— YOUR ASSIGNMENT —
The records that follow are to be repeated in full, with no pictures retained.

— GIVEN DATA —
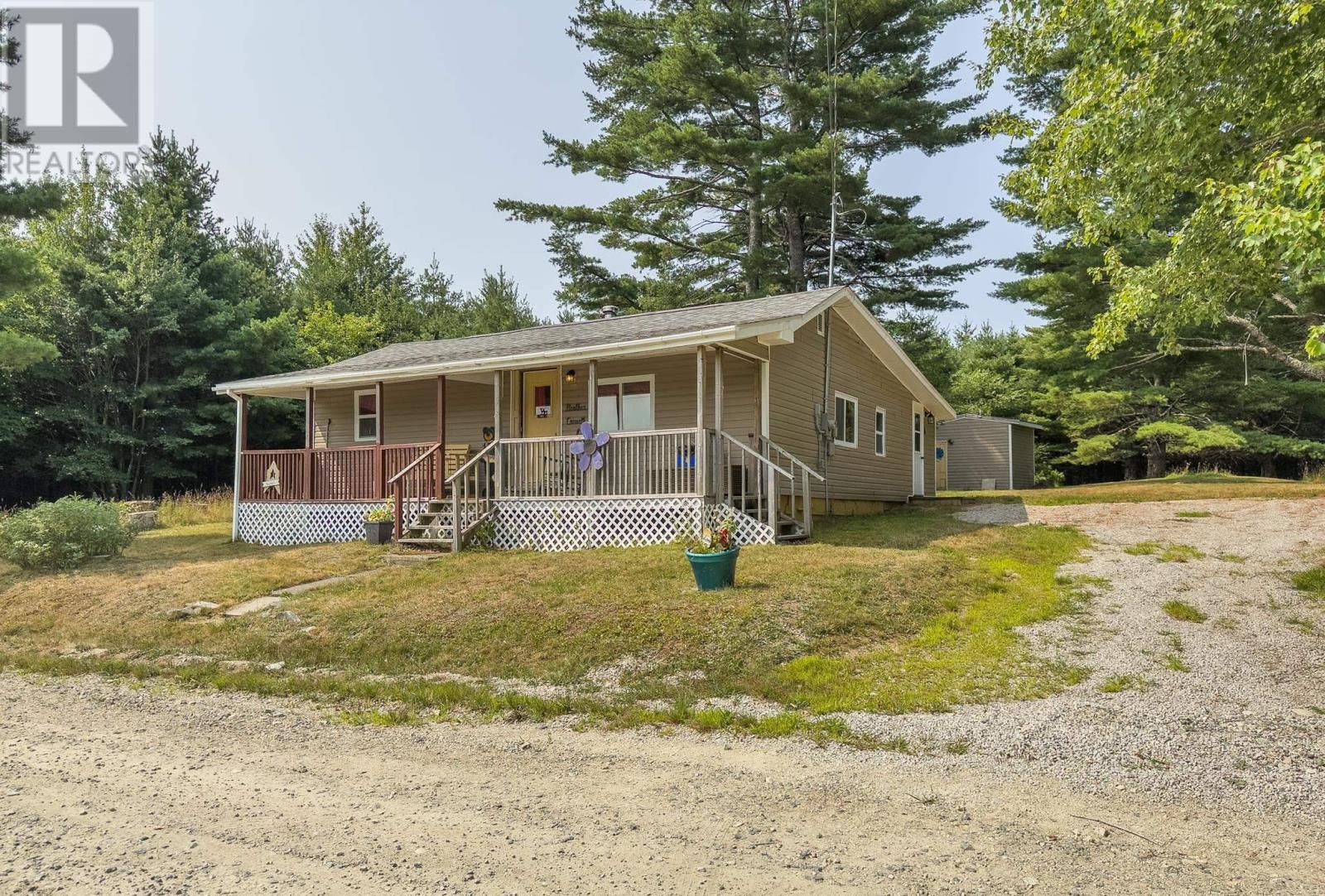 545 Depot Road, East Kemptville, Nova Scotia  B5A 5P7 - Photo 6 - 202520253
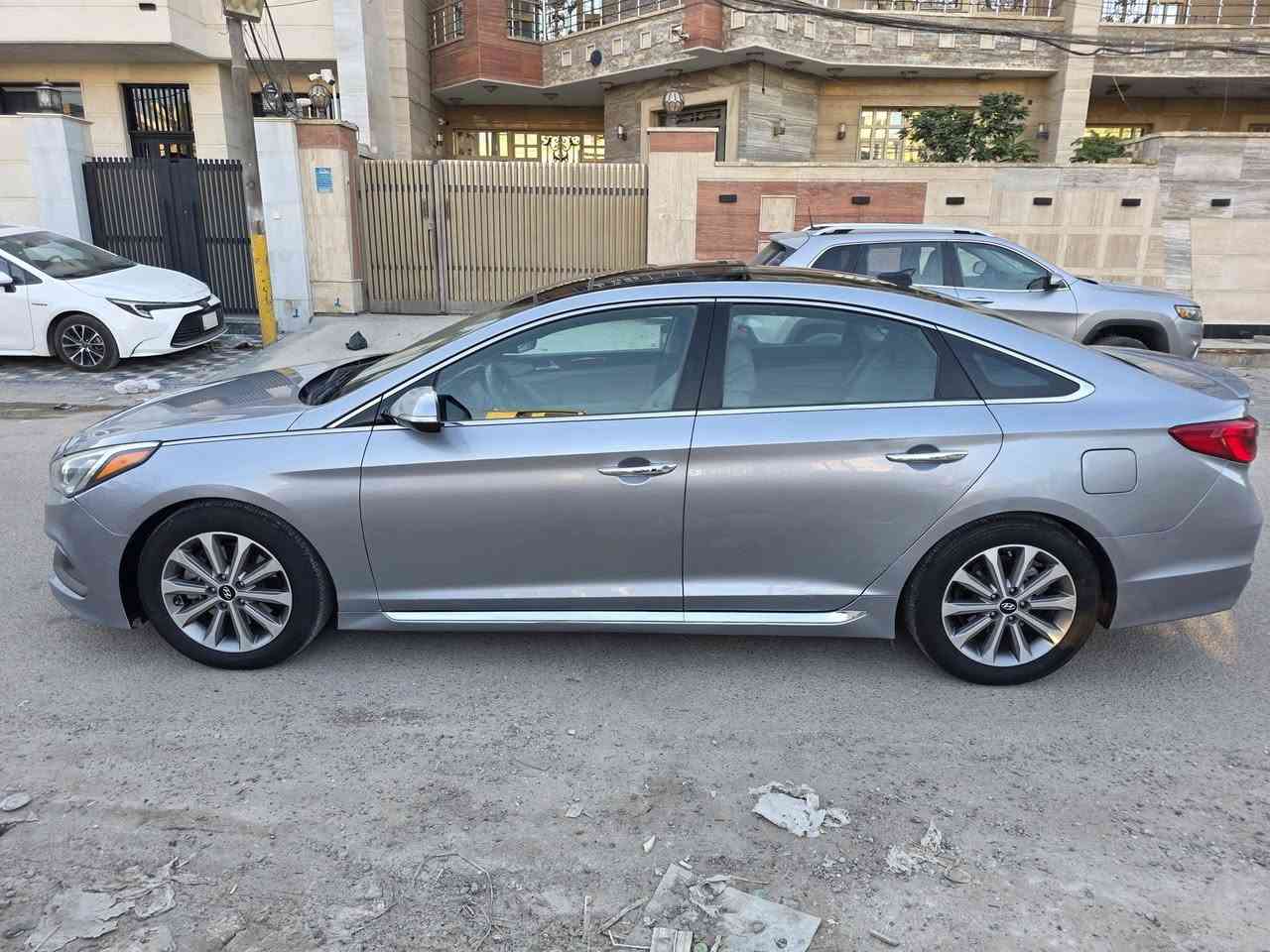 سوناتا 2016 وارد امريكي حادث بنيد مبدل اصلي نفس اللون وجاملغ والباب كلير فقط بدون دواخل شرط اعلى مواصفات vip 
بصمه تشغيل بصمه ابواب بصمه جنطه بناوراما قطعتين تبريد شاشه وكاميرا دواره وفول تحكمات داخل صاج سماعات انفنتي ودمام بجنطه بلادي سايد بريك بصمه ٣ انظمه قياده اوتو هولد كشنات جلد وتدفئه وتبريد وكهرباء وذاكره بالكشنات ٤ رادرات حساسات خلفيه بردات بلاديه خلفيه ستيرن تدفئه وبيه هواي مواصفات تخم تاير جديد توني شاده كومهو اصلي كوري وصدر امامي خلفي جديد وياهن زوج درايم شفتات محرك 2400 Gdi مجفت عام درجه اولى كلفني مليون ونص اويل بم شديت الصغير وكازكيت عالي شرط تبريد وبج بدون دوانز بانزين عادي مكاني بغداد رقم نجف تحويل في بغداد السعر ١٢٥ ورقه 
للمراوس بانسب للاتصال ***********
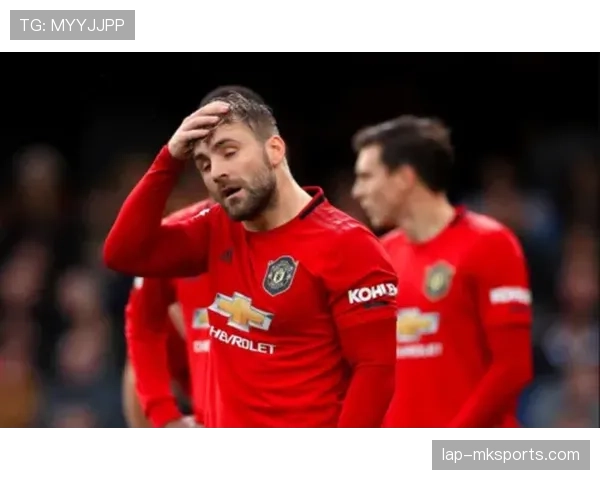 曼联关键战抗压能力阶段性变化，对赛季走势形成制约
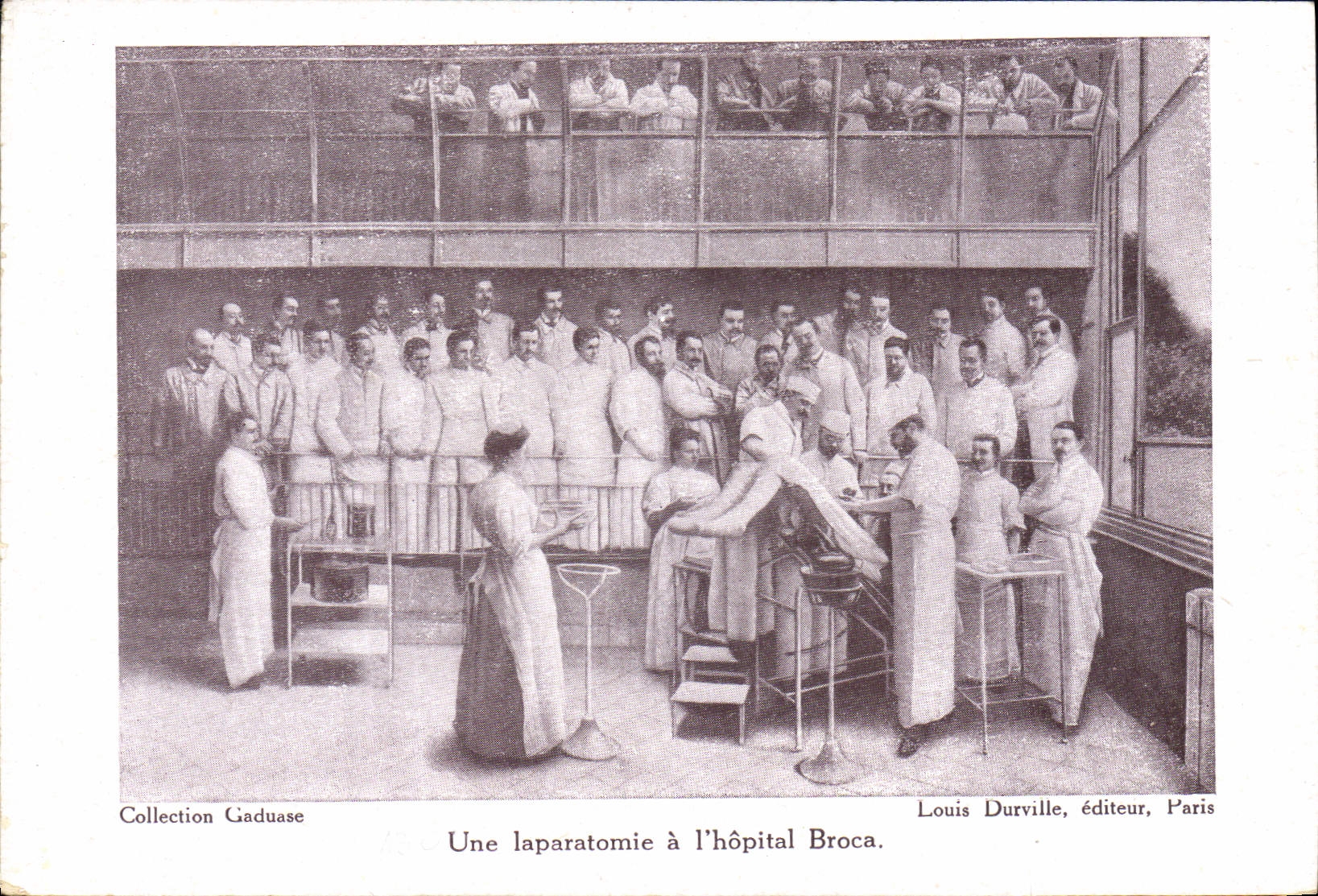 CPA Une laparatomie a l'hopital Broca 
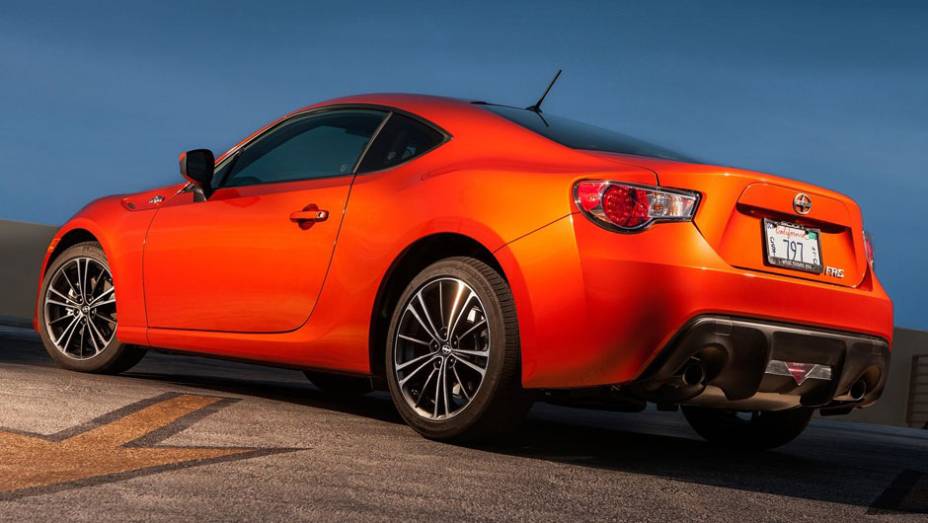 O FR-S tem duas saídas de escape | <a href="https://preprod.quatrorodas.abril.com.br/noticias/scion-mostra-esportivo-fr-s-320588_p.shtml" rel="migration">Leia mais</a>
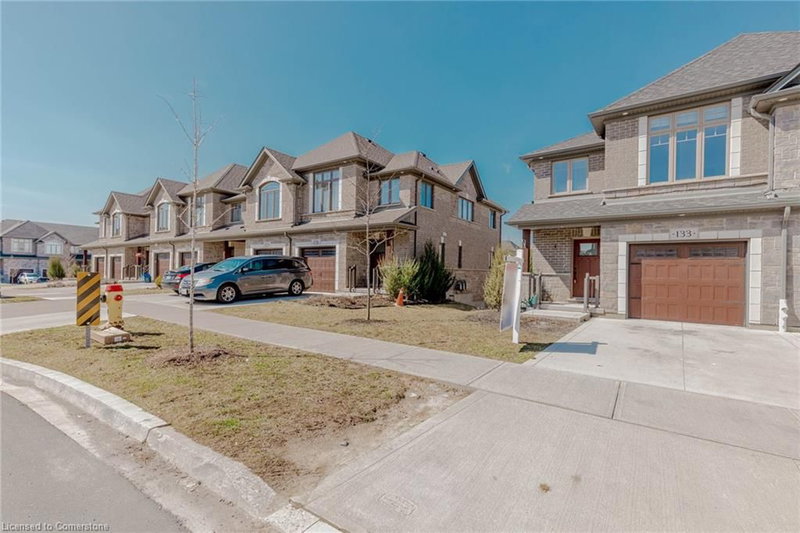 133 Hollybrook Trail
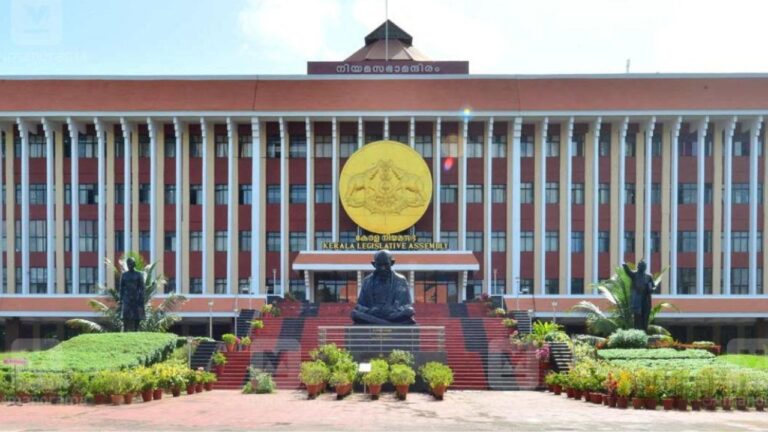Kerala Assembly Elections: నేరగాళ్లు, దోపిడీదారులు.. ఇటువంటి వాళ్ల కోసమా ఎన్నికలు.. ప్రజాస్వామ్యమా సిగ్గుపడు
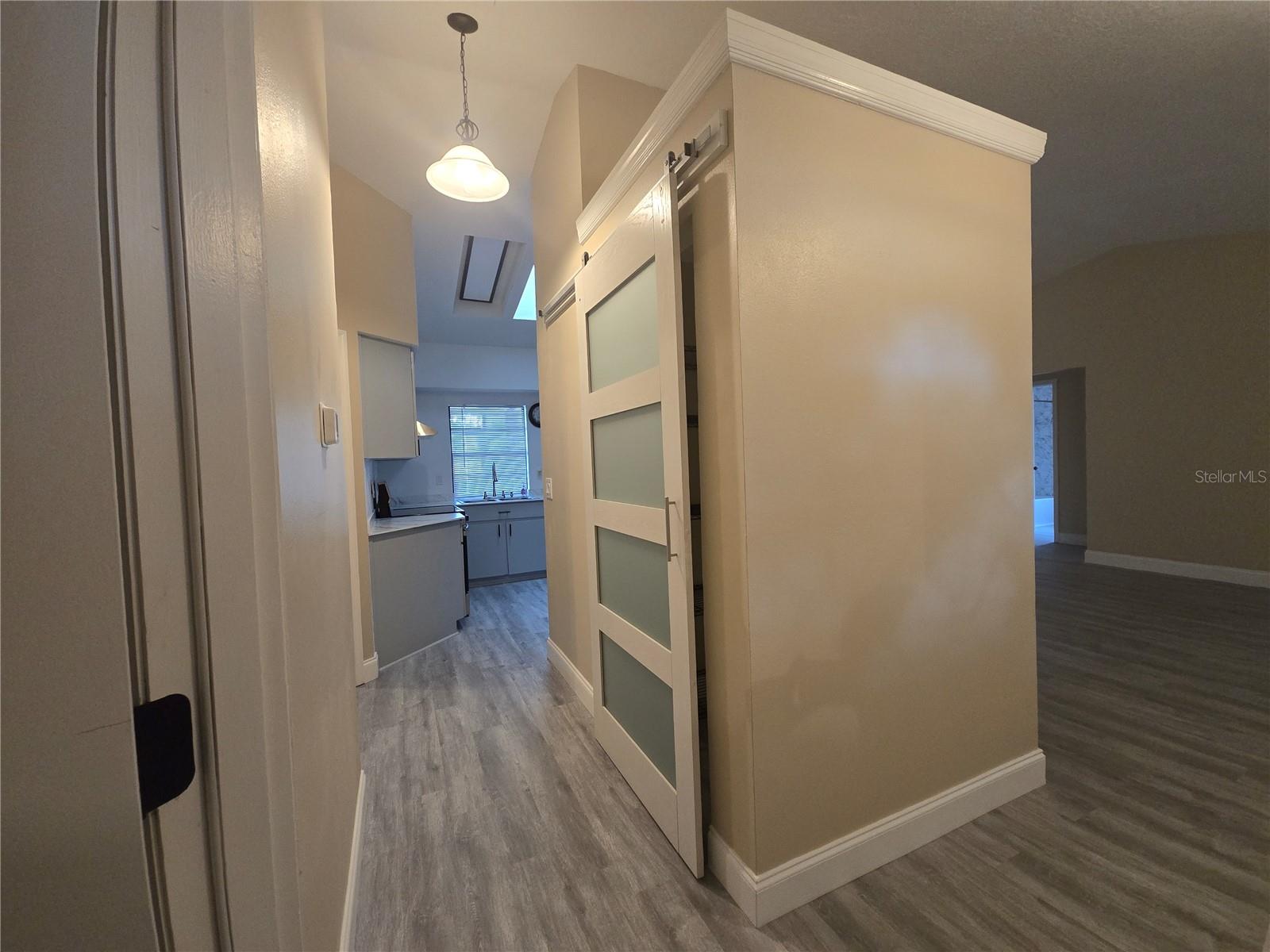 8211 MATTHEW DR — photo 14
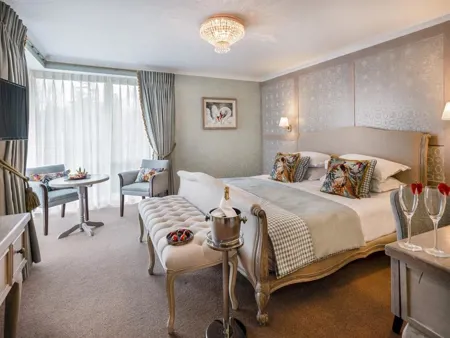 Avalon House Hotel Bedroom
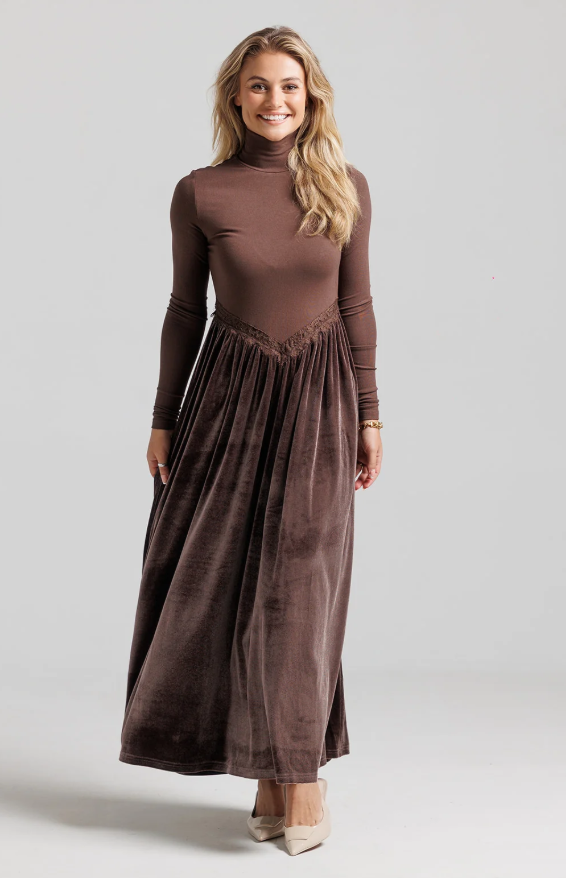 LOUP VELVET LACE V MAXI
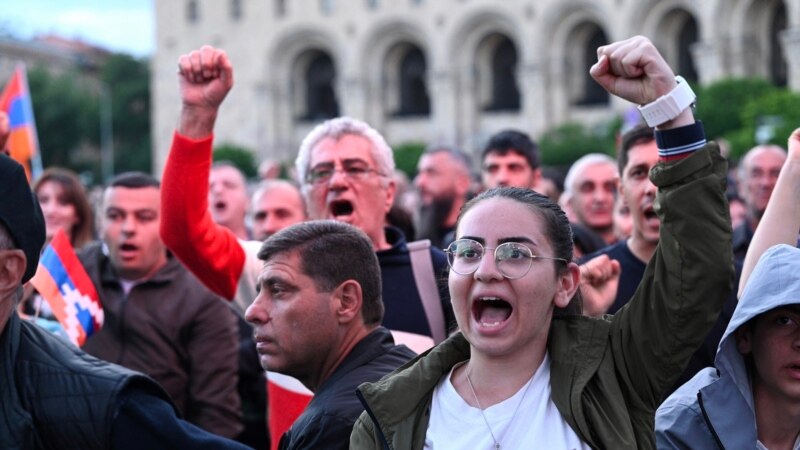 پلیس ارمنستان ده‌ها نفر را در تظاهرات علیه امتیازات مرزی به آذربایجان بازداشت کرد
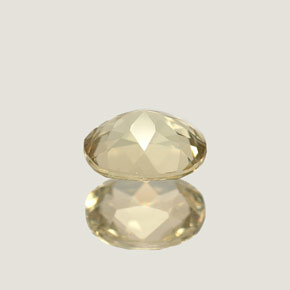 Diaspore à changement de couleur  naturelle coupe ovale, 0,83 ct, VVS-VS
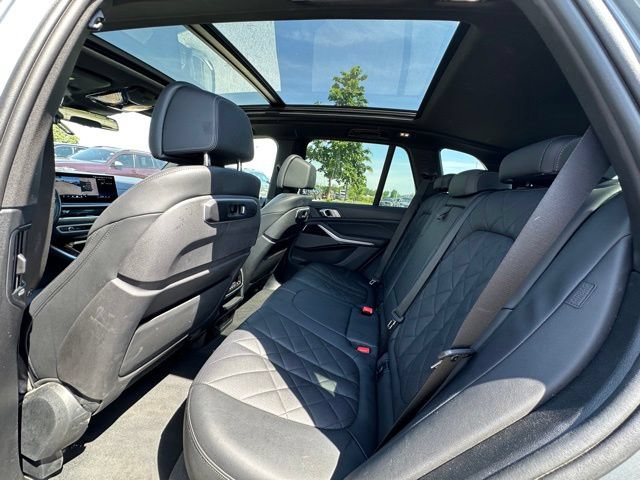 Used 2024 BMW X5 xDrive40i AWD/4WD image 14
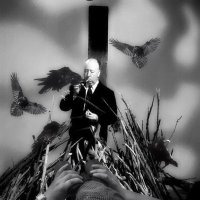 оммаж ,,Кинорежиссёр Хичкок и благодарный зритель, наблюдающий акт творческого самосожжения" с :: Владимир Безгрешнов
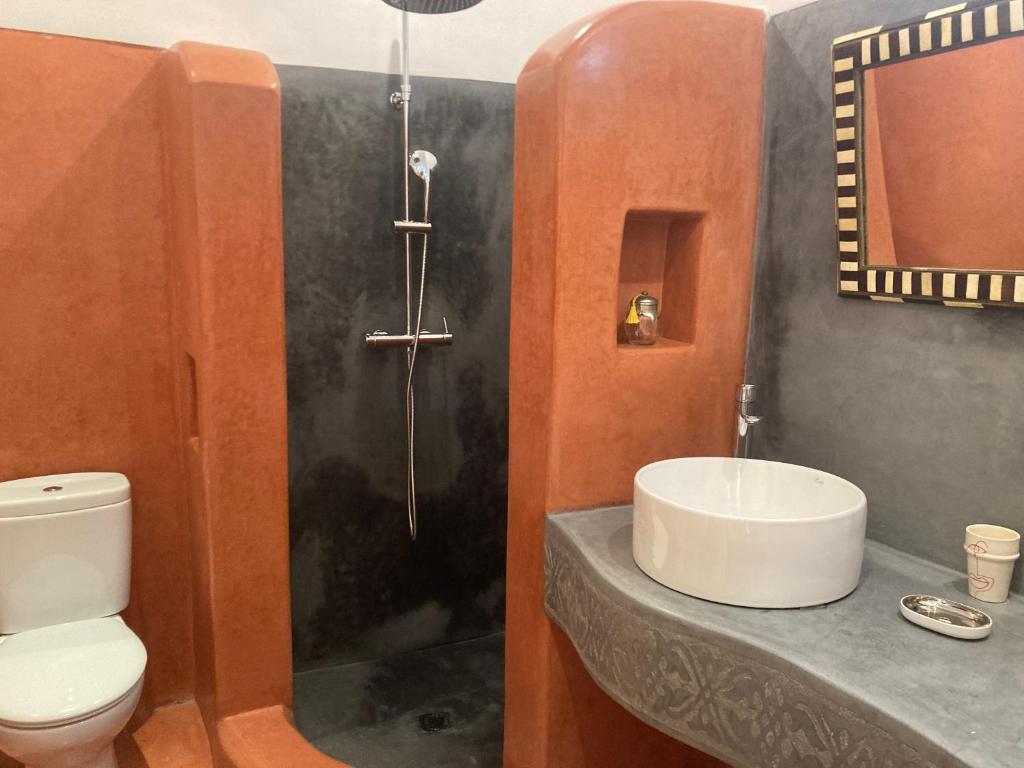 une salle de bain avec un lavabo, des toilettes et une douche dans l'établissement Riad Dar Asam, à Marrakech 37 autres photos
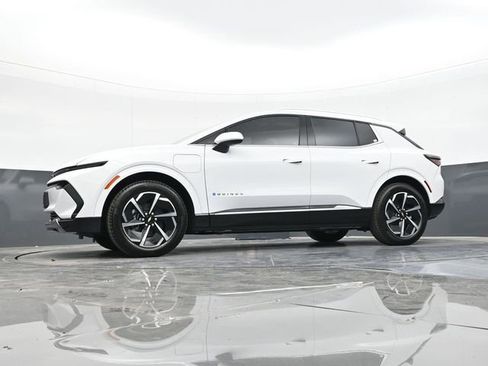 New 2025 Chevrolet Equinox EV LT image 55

— RESPONSE TO THIS EXERCISE —
 545 Depot Road, East Kemptville, Nova Scotia  B5A 5P7 - Photo 6 - 202520253
 سوناتا 2016 وارد امريكي حادث بنيد مبدل اصلي نفس اللون وجاملغ والباب كلير فقط بدون دواخل شرط اعلى مواصفات vip 
بصمه تشغيل بصمه ابواب بصمه جنطه بناوراما قطعتين تبريد شاشه وكاميرا دواره وفول تحكمات داخل صاج سماعات انفنتي ودمام بجنطه بلادي سايد بريك بصمه ٣ انظمه قياده اوتو هولد كشنات جلد وتدفئه وتبريد وكهرباء وذاكره بالكشنات ٤ رادرات حساسات خلفيه بردات بلاديه خلفيه ستيرن تدفئه وبيه هواي مواصفات تخم تاير جديد توني شاده كومهو اصلي كوري وصدر امامي خلفي جديد وياهن زوج درايم شفتات محرك 2400 Gdi مجفت عام درجه اولى كلفني مليون ونص اويل بم شديت الصغير وكازكيت عالي شرط تبريد وبج بدون دوانز بانزين عادي مكاني بغداد رقم نجف تحويل في بغداد السعر ١٢٥ ورقه 
للمراوس بانسب للاتصال ***********
 曼联关键战抗压能力阶段性变化，对赛季走势形成制约
 CPA Une laparatomie a l'hopital Broca 
 O FR-S tem duas saídas de escape | <a href="https://preprod.quatrorodas.abril.com.br/noticias/scion-mostra-esportivo-fr-s-320588_p.shtml" rel="migration">Leia mais</a>
 133 Hollybrook Trail
Kerala Assembly Elections: నేరగాళ్లు, దోపిడీదారులు.. ఇటువంటి వాళ్ల కోసమా ఎన్నికలు.. ప్రజాస్వామ్యమా సిగ్గుపడు
 8211 MATTHEW DR — photo 14
 Avalon House Hotel Bedroom
 LOUP VELVET LACE V MAXI
 پلیس ارمنستان ده‌ها نفر را در تظاهرات علیه امتیازات مرزی به آذربایجان بازداشت کرد
 Diaspore à changement de couleur  naturelle coupe ovale, 0,83 ct, VVS-VS
 Used 2024 BMW X5 xDrive40i AWD/4WD image 14
 оммаж ,,Кинорежиссёр Хичкок и благодарный зритель, наблюдающий акт творческого самосожжения" с :: Владимир Безгрешнов
 une salle de bain avec un lavabo, des toilettes et une douche dans l'établissement Riad Dar Asam, à Marrakech 37 autres photos
 New 2025 Chevrolet Equinox EV LT image 55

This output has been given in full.